The Physical Basis of Proxy Development

Background

Michael Tobis (mt for short), a colleague of mine who works at the University of Texas Institute for Geophysics runs a very interesting online climate/energy/science magazine called Planet 3.0. Prior to this, he used to post on the science blog, Only in it for the Gold (which he has now moved to Planet 3.0). mt was kind enough to feature my article refuting Fred Singer’s claims (Proxy Evidence for Recent Warming) on Planet 3.0.

A person by the name of Pat Frank on WUWT responded to this post by saying this. He claims that there is no physical theory backing up proxy reconstructions, that paleoclimate variables thus obtained are not physically real and that paleoclimatologists are guilty of "statistical hokum" by scaling a measurement to a trend and calling it temperature. This post is motivated by the aforementioned accusation.

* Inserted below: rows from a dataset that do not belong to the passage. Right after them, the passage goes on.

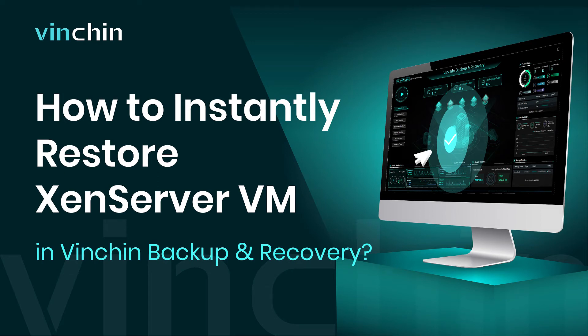Hello, and welcome to Vinchin. Server downtime can damage your business, so it is essential to recover the failed VM as soon as possible.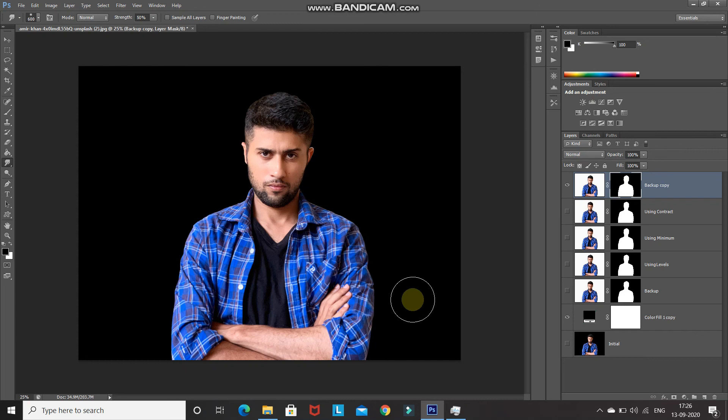Hope you guys liked this video and found it helpful. If you did, hit the like button and share it with anyone who might be interested in such videos. Subscribe to the channel for more Photoshop videos. Thanks for watching — bye bye!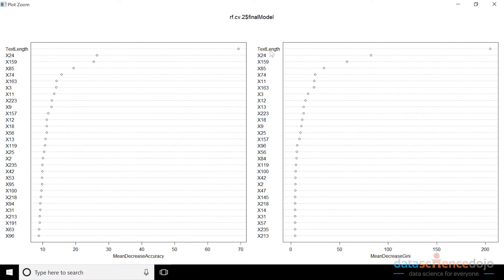We also postulated at the end of the last video that we could engineer another feature potentially and add it to the mix to get even more improvement. What we mentioned was we could use cosine similarity as the basis of that feature. So before we actually get into the code to check that out, we should probably talk about what cosine similarity is. Not surprisingly, I have some slides to discuss the concept.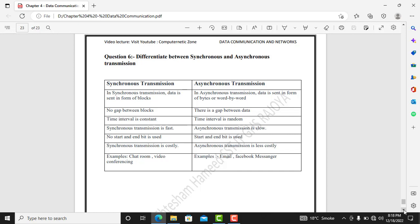In asynchronous transmission the time interval is not constant. No start and end bits are used in synchronous transmission, whereas start and end bits are used in asynchronous transmission. Synchronous transmission is more costly whereas asynchronous transmission is less costly. An example of synchronous transmission is chat rooms and video conferencing, while Facebook Messenger and email are examples of asynchronous transmission.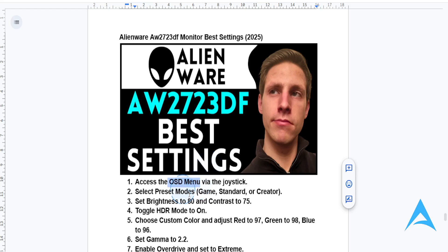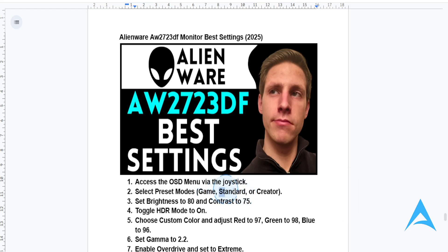Then you want to go ahead and choose the right preset mode. For example, if you're gaming, choose Game. If you're doing general use, just choose Standard. Or if you're doing some content creation, choose Creator.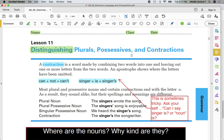The singers wrote the song — 'singers' is a plural noun, there is no apostrophe. In the second example, 'the singers' song is enjoyable' — that's a plural possessive because the apostrophe comes after the S. 'We heard the singer's song' — apostrophe S tells me it is a singular possessive noun. And now the tricky one: 'The singer's the songwriter.' If you can substitute 'has' or 'is,' it's going to be a contraction. It looks possessive because it has an apostrophe S, but the sentence really says 'the singer is the songwriter.'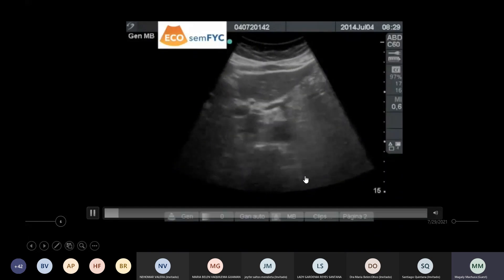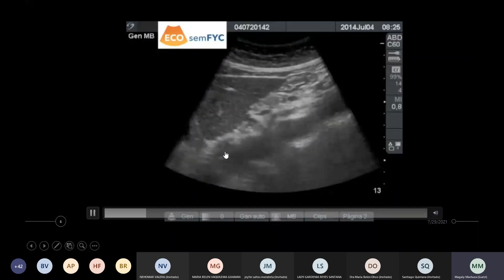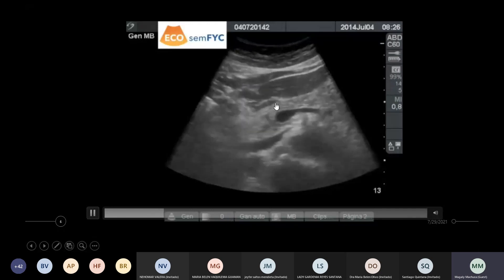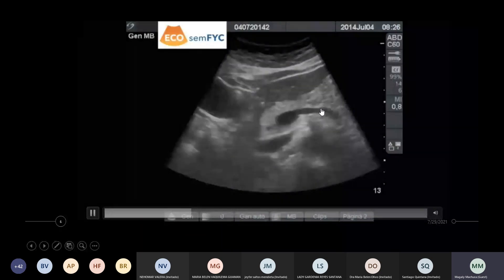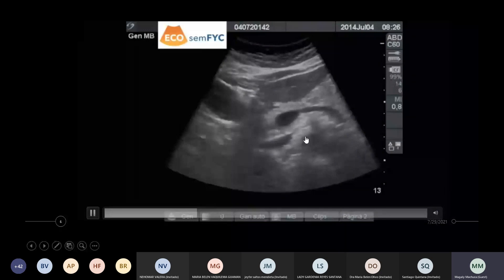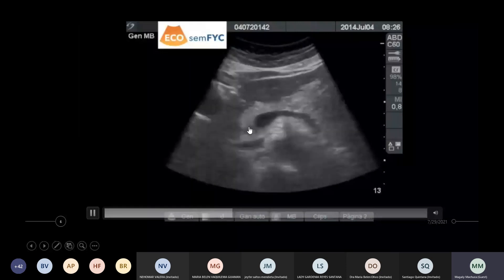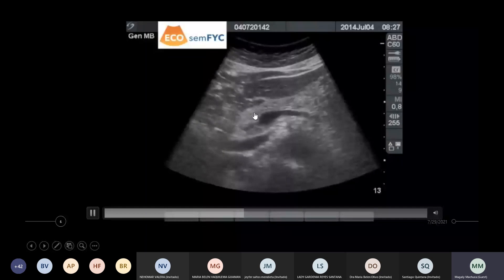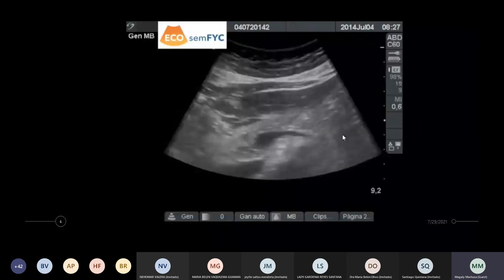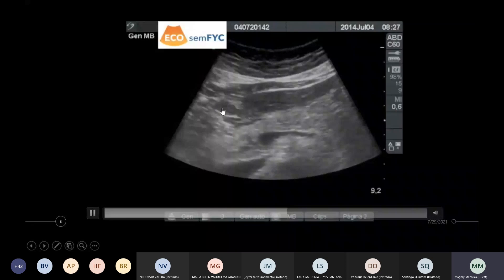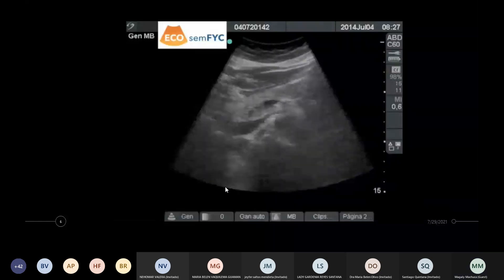Aquí en cambio vamos a ver el páncreas. Recordemos que el páncreas estaba relacionado con la segunda porción del duodeno y era un órgano retroperitoneal. Aquí estamos viendo el páncreas, la cabeza del páncreas, el cuerpo y parte de la cola. Recordemos que como referencia tomamos también la vena esplénica. Aquí tenemos la aorta y aquí está la cava. Aquí vemos en toda su extensión el páncreas: cabeza, cuerpo y la cola. Así deberíamos ver el páncreas, y estaría relacionado también con las porciones del duodeno y el lóbulo izquierdo del hígado.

First of all, let me start by pointing out the irony of this situation. Fred Singer was the person to claim that proxies do not show 20th-century warming. He used this (false) hypothesis to claim that global warming was not happening. Therefore, it is clear that he puts faith in proxy reconstructions as he uses them to argue his point. Now, we have another denier claiming that proxy reconstructions have no physical meaning, which would nullify what Singer said in the first place! Oh, the irony… In any case, let me bring you some scientific snippets (aka truth) on the topic.

Understanding Proxies

As you are all aware, a paleoclimate proxy is a tool that is used to infer geophysical variables from the past. Generalizing this concept, a proxy could be anything that reveals past information. For example, wet grass in your front lawn on a clear, cloudless, sunny morning tells you that it rained the night before. Despite not seeing or hearing the rain yourself, believing that it rained the night before is not a long shot. The fact that the previous night was a cloudy one can be inferred too. It is logical to subscribe to this stance because we have seen the grass become wet and seen clouds in the sky when it rains. But how can we be so sure that rain caused the grass to be wet? (What if it was a neighbor who accidentally watered your lawn? What if the grass was wet because a pack of dogs peed all over your lawn last night?) There are ways to test this hypothesis, physically and statistically (Is the grass in the backyard wet too? What about the other houses in the neighbourhood? How likely is it that a pack of dogs could urinate uniformly over all the grass in the neighbourhood?) The philosophy behind proxy-based reconstructions, just like geology, is rooted in uniformitarianism - the present is the key to the past. A chemical/physical measurement on a proxy variable (say, stable oxygen isotopes on a coral head that has grown for centuries) reveals a significant amount of information about past geophysical parameters as long as we know how the variable is affected by the relevant geophysical process (eg. the controls of temperature, salinity on the isotopes). Different proxy variables respond to different physical parameters and this can be tested, verified and validated by experiment. This procedure is rooted in physics and the scientific method.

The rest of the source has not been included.